I don’t know what to say about this article—which is largely a critique of a grandfathered “cap & trade” system for reducing greenhouse emissions.

On the one hand, I shouldn’t complain. Any serious discussion in the press of climate policy is welcome.

But on the other hand—jeez, is it so hard to get climate policy right?

My problem isn’t so much that the article gets things wrong, (though it does). Instead, it’s that it tells at most half the story of cap and trade—and maybe not even the important half.

  • Our work is made possible by the generosity of people like you!

    Thanks to Forrest Michael for supporting a sustainable Cascadia.


  • Here are some things that, from my perspective, the article clearly gets right:

    • “Grandfathering” penalizes good citizenship — Handing out free “emissions credits” based on a company’s historic pollution may actually reward firms that have done nothing to reduce their emissions. The more you’ve done to limit your emissions in the past, the less you stand to benefit from a grandfathering system. So strict grandfathering sends exactly the wrong signal: delay any efficiency upgrades for as long as possible.
    • “Grandfathering” is a legal nightmare—Emissions credits are worth money—so if the government hands them out for free, there’s going to be a mad scramble by everyone to maximize their share. Expect lots of companies to lawyer up, and lots of lawsuits, especially in the early years.

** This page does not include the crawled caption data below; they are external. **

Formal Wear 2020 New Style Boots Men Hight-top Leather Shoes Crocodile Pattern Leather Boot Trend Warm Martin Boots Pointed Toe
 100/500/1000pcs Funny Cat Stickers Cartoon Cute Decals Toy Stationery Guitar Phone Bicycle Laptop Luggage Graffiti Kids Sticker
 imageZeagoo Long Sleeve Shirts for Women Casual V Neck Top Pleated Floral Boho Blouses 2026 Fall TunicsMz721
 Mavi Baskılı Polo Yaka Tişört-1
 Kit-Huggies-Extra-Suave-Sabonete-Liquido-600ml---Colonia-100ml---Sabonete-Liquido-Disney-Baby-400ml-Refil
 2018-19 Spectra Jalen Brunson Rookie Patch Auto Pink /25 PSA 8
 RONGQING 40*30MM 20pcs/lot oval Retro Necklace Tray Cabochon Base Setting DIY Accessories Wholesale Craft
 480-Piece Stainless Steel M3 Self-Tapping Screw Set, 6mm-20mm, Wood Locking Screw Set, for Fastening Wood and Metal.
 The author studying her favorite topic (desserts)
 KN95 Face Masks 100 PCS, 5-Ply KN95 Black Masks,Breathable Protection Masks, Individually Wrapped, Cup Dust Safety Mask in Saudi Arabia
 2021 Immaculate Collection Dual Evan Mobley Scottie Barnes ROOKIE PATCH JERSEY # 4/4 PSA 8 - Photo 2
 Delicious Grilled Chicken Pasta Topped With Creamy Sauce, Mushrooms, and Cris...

    Here’s something it gets wrong:

    • ‘ “A carbon tax is more economically efficient,”…says [economist Marc Jaccard], since it flows into all types of buying decisions, including those by consumers.’ —NO, NO, NO! I mean, I agree that carbon taxes are more efficient than a grandfathered cap & trade system, since taxes are so much easier to administer. But as for the implication that cap & trade doesn’t send price signals throughout the economy, it’s just dead wrong: a carbon cap winds up sending virtually the same price signals as a carbon tax. The only exceptions are in tightly regulated markets, such as rate-of-return regulated electric utilities, where firms may not be able to pass on the opportunity cost of allowances to their customers. (I’d be curious to know if Jaccard thinks this, or if it was a boo-boo by the reporter.)

    But here’s the big, whopping elephant in the living room—which the article misses entirely:

    • Grandfathered cap and trade will lead to massive windfall profits for historic polluters. I think this point can’t be stressed enough: even if companies get their emissions permits for free, they’ll still charge their customers for them. The best analogy I’ve heard is that emissions permits are like World Series tickets—they’re something of value, in limited supply. And if the government just gives all the World Series tickets to Exxon, you don’t think Exxon will turn around and give them as freebies to their customers, do you? I certainly don’t.

    As it turns out, there’s actual empirical evidence for this last point: when the European Union handed out its emissions permits for its greenhouse trading system, the firms that received free credits still raised prices. (That’s just the way markets work: if firms have something that customers are willing to pay for, they’ll sell it, regardless of how much they paid for it.)

    So in my mind, the biggest difference between grandfathered cap & trade and a carbon tax is this: grandfathering amounts to a massive, ginormous subsidy to any firm that gets free carbon permits. Taxes, or an auctioned cap & trade system, have the virtue of at least capturing the revenue for public purposes—reducing other taxes, cushioning price effects on the poor, paying for renewable energy, or anything other than a massive windfall for shareholders. Any critique of grandfathered cap and trade that overlooks this fact is really missing the point.